GIVEN ENTRIES: Begin
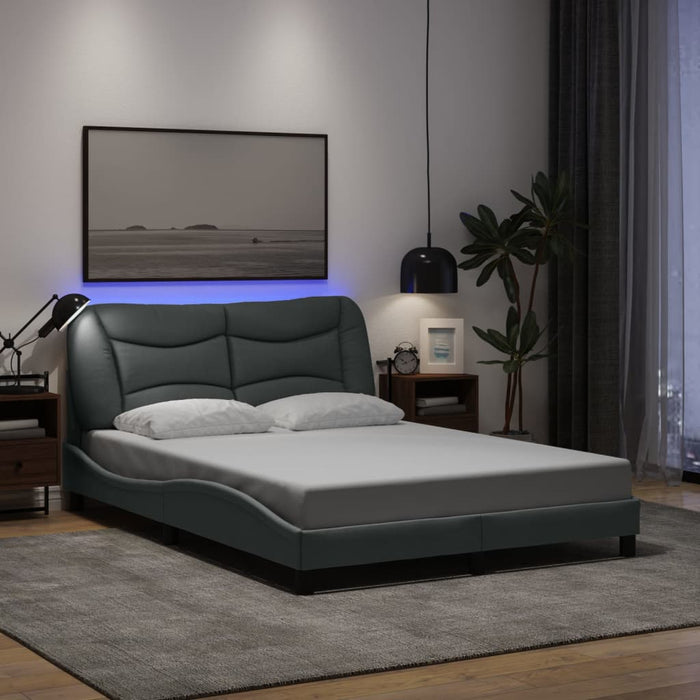 Cadru de pat cu LED fără saltea Hvar Gri deschis 120x200 cm Material WALTI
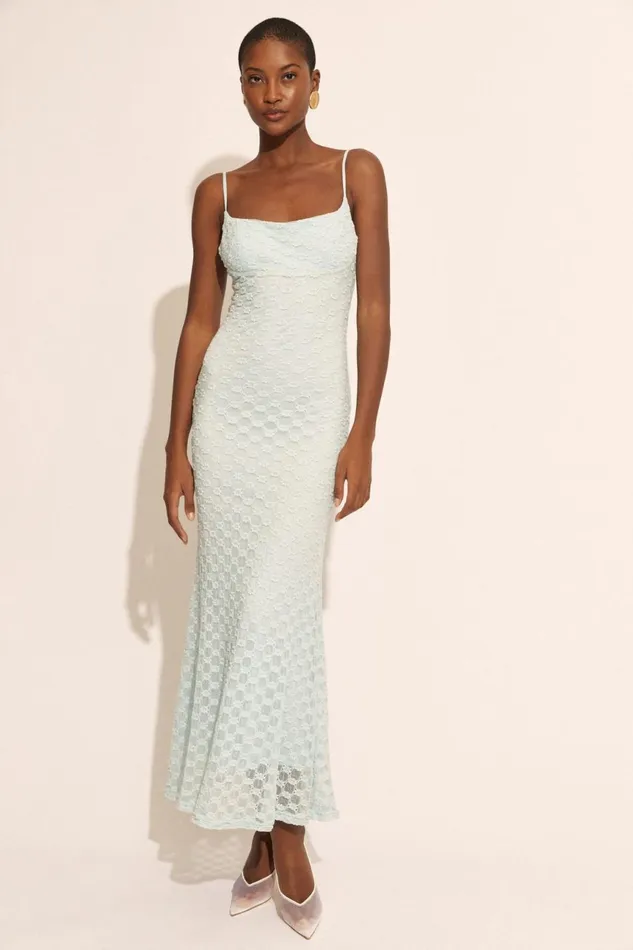 Women Bardot Day To Night Dresses Adoni Mesh Midi Dress In Aqua Aqua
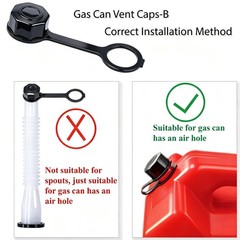 Black Gas Can Spout Replacement, 1/2/5/10 Gallon Gas Can Nozzle Kit, include …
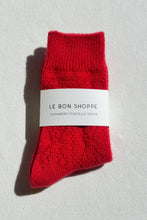 Load image into Gallery viewer, Cashmere Pointelle Socks (wholesale): Charcoal Le Bon Shoppe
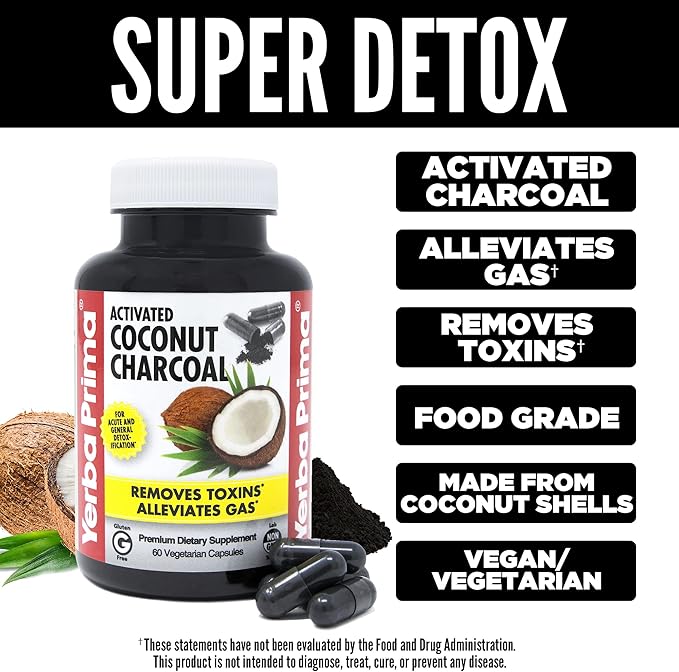 Yerba Prima Activated Coconut Charcoal, 60 Capsules - Natural Detox - Vegetarian, Vegan, Gluten Free, Non GMO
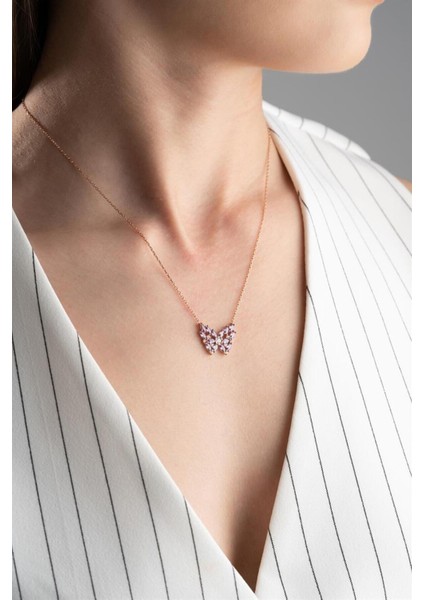 925 Ayar Rose Kelebek Gümüş Kolye modelleri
GIVEN ENTRIES: End
### EXERCISE GOAL
The result should hold only the lines from the line with "Yerba Prima Activated" through the final line of the records above, copied exactly, with pictures left out.

### RESULT
 Yerba Prima Activated Coconut Charcoal, 60 Capsules - Natural Detox - Vegetarian, Vegan, Gluten Free, Non GMO
 925 Ayar Rose Kelebek Gümüş Kolye modelleri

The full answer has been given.